## DATA PROVIDED
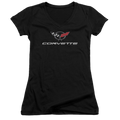 Chevrolet Corvette Modern Emblem - Juniors V-Neck T-Shirt Hoodie, Sweatshirt | ZylaModa.com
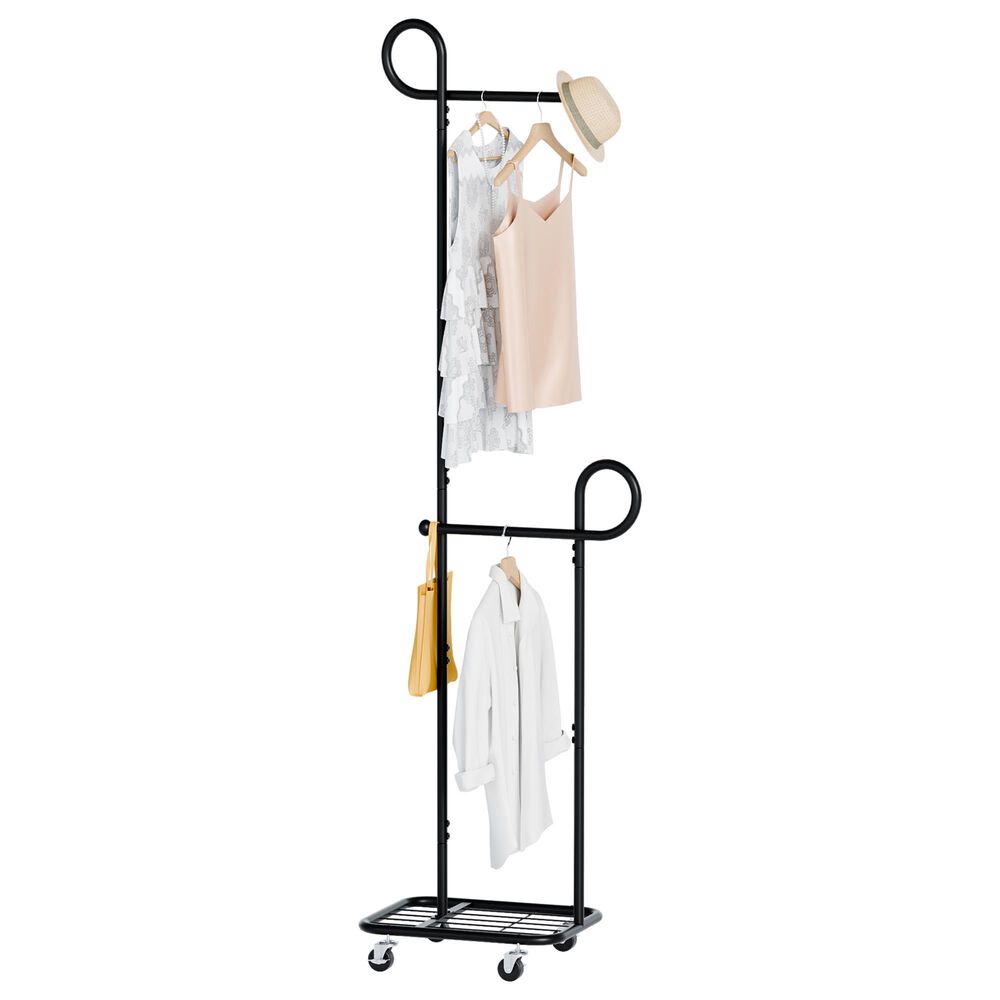 HOMLUX F-Shape Indoor Coat Rack with Lockable Wheeled Bases and Hat Hooks in Black, , large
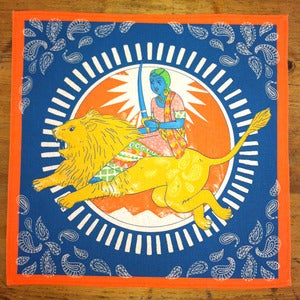 Image of 'Leaping Lion Girl' pocket square / handkerchief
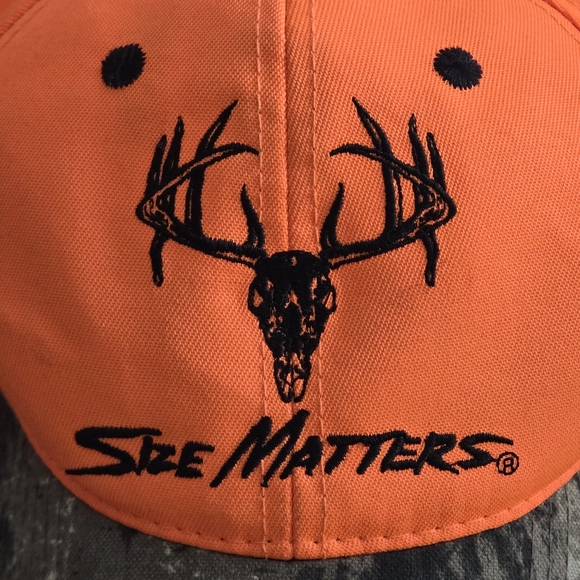 Outdoor Cap Co Size Matters Buck Skull Camouflage Q3 Neon Orange Camo Cap - Picture 11 of 13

## ACTION ITEM
Return, unchanged, the lines from the first line of the material through the line that holds "Image of 'Leaping", inclusive, omitting pictures.

## SOLUTION TO THIS PROBLEM
 Chevrolet Corvette Modern Emblem - Juniors V-Neck T-Shirt Hoodie, Sweatshirt | ZylaModa.com
 HOMLUX F-Shape Indoor Coat Rack with Lockable Wheeled Bases and Hat Hooks in Black, , large
 Image of 'Leaping Lion Girl' pocket square / handkerchief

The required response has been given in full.